Critical Notes Series: Lalo's Cello Sonata

Introducing Lalo's Cello Sonata Urtext edition

Édouard Lalo (1823-1892) was a French composer who is best known for his Symphonie Espagnole for violin and orchestra as well as his Cello Concerto. However, he also composed beautiful chamber works such as sonatas for cello and for violin, piano trios, and string quartets that are often overlooked. Like in other composers from Lalo's generation, we can hear an influence of German composers such as Schumann, Mendelssohn, and Wagner, as well as the French-Polish Chopin. We can also hear a distinctly French sound in Lalo's music, the turn of a phrase, the use of harmony. 

Lalo composed his Cello Sonata in 1856, but it was not published until 1875 by the French publishing firm operated by Georges Hartmann. This firm was acquired by Heugel in 1891, and all subsequent reprints were made by Heugel. Lalo dedicated his three-movement Cello sonata to a fellow composer and pianist Anton Rubinstein. The outer movements of the Cello Sonata are in A minor, both in sonata form. The ternary slow movement is in F major with a D minor/major middle section. 

Harmonically unsettled, the first movement begins with a stately introduction in D minor, then moving to C minor, and finally landing on E dominant, preparing the music for the real tonality. Much of the first movement is moody, similar to the composition style and piano writing of Brahms. The second theme is sunny, very likely inspired by Mendelssohn's Song without Words Op. 19, No. 1. Surely, Lalo had Mendelssohn's Cello Sonata No. 2 slow movement in mind when he was composing his own slow movement. Lalo's finale is a stormy tarantella, probably inspired by Chopin's Cello Sonata finale. Alkan's Cello Sonata, composed the same year as Lalo's Sonata, also has a fiery Italian dance for its finale. Perhaps the two composers influenced each other. In turn, Lalo's finale seems to have influenced the first sonata finale by Saint-Saens. There are echoes of Schumann's Fantasie, Op. 17 in bar 41 of Lalo's Sonata finale.

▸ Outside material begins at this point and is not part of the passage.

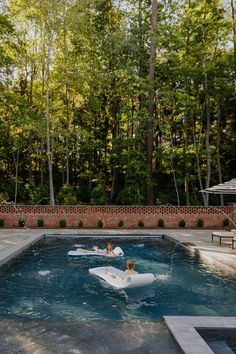 two people floating on inflatable rafts in a swimming pool surrounded by trees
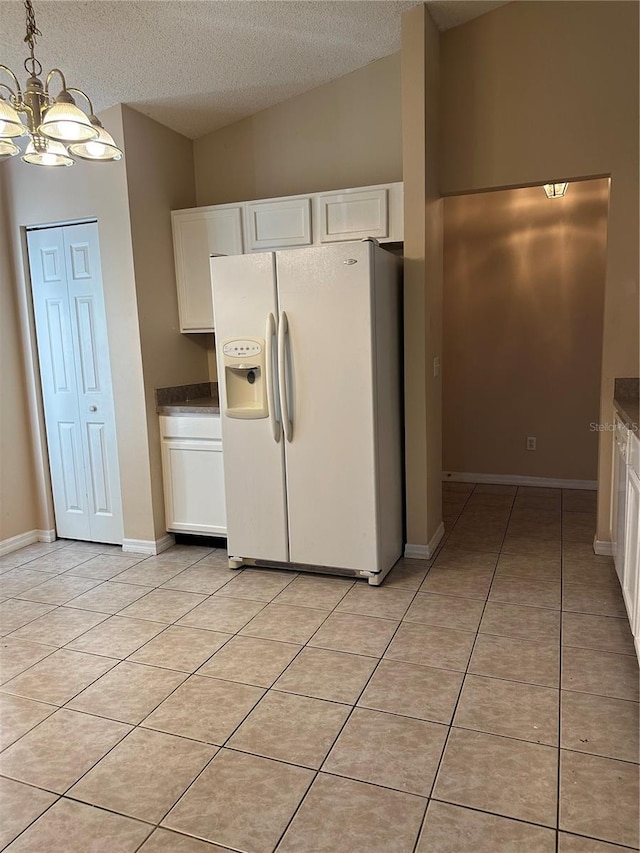 kitchen featuring white cabinetry, white fridge with ice dispenser, hanging light fixtures, and an inviting chandelier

Some cellists prefer to play several passages of Lalo's Sonata up the octave, saying that these passages sound too low. This phenomenon can be observed in a recording by Maurice Gendron, who also tampered with the text of Chopin's Cello Sonata. We believe that Lalo's text should be left as is with the same respect a cellist would have for Beethoven, Chopin, and Rachmaninov's text. 

Our new edition is based on the first edition published by Georges Hartmann in 1875. Differences in slurring, dynamics, and articulation between the score and cello part have been resolved. When the slurring differs in the cello part and the score, the score slurring is placed below and the part slurring above. Editorial marks are placed in brackets or denoted by dashed slurs and hairpins. Missing clef changes have been inserted without comment. The lowest note in bar 118 of the first movement has been changed from a G to an F to match the octave passage. In the finale, bar 120, RH, the seventh note should be a G, not an F#, to match the pattern 2 bars later. 

Lalo's original piano pedaling, including the "con sord." (una corda) has been retained.